John Wildermuth reports at the San Francisco Chronicle:
In key California House races, Republicans are turning out early and big
With the midterm elections just days away, there’s little indication that California is seeing a “blue wave” of Democratic votes, at least in the early returns of vote-by-mail ballots — and in some key races that will help determine control of the House, Republican voter response has been strong.
There are still a lot more ballots to come in, cautioned Paul Mitchell, vice president of Political Data Inc., which supplies voter information to a variety of political campaigns. But so far, according to a mail ballot tracker he runs, Republican votes are keeping pace with the number of Democratic ballots.
“Looking at the comparable numbers, the statewide mail ballot returns at this point are running about 40 percent higher than the primary, 1.7 million to 1.2 million,” he said…
But the boost might not be helping Democrats. In the Walters vs. Porter race, for example, Democrats made up 31 percent of those who received mail ballots, while Republicans made up 37 percent. As of Monday, however, the total number of ballots coming back favored Republicans, 45 percent to 31 percent.

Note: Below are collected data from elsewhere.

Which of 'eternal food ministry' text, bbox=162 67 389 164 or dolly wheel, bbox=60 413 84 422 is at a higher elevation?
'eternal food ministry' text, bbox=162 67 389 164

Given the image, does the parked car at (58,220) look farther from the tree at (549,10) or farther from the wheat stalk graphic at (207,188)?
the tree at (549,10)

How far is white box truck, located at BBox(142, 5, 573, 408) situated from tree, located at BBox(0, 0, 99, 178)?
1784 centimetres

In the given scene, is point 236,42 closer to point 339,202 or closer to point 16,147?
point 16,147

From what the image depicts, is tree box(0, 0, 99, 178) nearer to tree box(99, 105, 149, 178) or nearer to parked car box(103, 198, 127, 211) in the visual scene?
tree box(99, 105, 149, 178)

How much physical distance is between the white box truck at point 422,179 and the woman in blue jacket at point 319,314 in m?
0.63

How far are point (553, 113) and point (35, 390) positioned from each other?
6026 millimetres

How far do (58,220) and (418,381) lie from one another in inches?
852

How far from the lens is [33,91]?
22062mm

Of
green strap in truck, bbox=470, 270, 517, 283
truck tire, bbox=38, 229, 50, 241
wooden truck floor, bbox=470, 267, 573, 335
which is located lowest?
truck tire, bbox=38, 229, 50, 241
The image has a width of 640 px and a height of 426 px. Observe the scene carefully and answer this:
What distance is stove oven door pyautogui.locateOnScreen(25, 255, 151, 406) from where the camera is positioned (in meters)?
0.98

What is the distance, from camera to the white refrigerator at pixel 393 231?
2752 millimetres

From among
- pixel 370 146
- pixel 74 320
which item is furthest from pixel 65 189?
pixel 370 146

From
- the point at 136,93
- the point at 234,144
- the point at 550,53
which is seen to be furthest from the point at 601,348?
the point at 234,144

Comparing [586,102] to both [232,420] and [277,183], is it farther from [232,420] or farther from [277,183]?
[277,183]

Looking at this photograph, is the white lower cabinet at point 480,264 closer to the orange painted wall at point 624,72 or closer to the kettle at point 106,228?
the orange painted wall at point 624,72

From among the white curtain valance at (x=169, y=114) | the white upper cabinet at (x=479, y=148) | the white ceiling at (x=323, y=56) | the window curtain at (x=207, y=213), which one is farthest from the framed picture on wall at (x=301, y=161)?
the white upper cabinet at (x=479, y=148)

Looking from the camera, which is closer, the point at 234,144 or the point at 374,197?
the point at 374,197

Think back to the 2010 and 2014 midterm elections. People on the right showed up to vote. Do you really believe they see this midterm as less important than the last two? It’s likely that they see this election as more important than the last two. In other words, there is every reason to believe the same coalition of conservative, Republican and Tea Party voters show up on Tuesday.
If the left can’t match them in turnout, Republicans definitely have a chance to hold the House. A new report from Julia Manchester of The Hill suggests turnout won’t be much different than previous years:
Pollster says midterm turnout will not be that different from past years
Pollster Dan Cox said that November’s midterm elections will likely not be that different from past midterms in terms of turnout in an interview that aired Tuesday on “What America’s Thinking.”

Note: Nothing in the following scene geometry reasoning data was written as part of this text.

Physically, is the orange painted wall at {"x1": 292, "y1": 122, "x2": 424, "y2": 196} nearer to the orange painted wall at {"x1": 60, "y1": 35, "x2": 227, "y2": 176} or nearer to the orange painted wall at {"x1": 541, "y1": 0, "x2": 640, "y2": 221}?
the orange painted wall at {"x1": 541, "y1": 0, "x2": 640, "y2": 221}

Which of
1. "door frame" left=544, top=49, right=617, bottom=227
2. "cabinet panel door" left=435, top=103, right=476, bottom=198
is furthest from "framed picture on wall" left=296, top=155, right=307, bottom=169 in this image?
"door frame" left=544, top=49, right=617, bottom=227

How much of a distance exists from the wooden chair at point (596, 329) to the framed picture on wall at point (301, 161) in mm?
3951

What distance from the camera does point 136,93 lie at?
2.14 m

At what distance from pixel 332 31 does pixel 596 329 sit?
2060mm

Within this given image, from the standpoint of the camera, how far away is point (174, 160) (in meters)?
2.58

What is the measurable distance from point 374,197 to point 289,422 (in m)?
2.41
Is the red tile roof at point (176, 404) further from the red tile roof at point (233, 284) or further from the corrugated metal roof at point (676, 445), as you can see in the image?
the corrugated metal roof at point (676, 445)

“I think if you look at the typical midterm demographics, this one may be a little bit different where you see the groups that don’t historically turnout in midterm elections, people of color, young people, Independents may see a little bit higher rates,” Cox, research director at the Public Religion Research Institute, told Hill.TV’s Joe Concha.

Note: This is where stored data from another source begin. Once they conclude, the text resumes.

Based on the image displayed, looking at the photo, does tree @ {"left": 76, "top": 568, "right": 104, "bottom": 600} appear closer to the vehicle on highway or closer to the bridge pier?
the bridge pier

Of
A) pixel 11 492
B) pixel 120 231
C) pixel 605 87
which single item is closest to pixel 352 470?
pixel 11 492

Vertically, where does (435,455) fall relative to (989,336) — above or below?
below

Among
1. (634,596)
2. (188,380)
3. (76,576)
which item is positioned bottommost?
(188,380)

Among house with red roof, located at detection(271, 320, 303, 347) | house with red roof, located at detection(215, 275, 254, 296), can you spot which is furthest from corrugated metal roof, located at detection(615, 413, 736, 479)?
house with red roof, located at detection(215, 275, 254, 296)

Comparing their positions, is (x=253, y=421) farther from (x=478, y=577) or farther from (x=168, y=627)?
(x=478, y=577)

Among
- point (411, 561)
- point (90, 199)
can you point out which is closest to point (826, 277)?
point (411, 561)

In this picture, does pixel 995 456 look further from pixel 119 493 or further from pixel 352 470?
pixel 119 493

“But I think historically this is not going to be that anomalous from previous midterm elections.”
If that’s true, it’s very good news for Republicans.
Sean Trende notes one of the defining factors is enthusiasm. He writes at the American Enterprise Institute:
Can Republicans hold the House?
Roughly a month before the election, the battle for control of the House is still in flux. Democrats retain a clear path to the majority, and have an overall edge. At the same time, there remain plausible pathways for Republicans to hold the majority. Making matters even more interesting, there are factors that point toward a wide range of potential outcomes.
The “fundamentals” for Republicans are not as bad as one would expect, given the national environment. The president’s job approval in the RCP Average is hovering between 43 and 44 percent. While this is not good, it is much better than it was during the “thumpin’” the GOP received in 2006, when the Republicans lost 30 seats while the president endured a 37 percent job approval…
The big question right now, however, is enthusiasm. For much of the past year, Democratic enthusiasm has outstripped that of the GOP. This has resulted in a number of nail-biting finishes for Republicans that never should have been single digit races. But with the Kavanaugh confirmation battle, that edge seems to have diminished; the most recent NPR poll shows the parties roughly even in terms of enthusiasm.
If you place more faith in polls, there is hope there as well. Kimberly Strassel of the Wall Street Journal tweeted this fascinating shift yesterday:
House is now a tossup, as Rs pull within 5 seats of Ds. https://t.co/6A2Nx0WUD1
— Kimberley Strassel (@KimStrassel) October 29, 2018
If there really was a blue wave, wouldn’t it be apparent by now? Nothing is certain. Keep calm, carry on and vote.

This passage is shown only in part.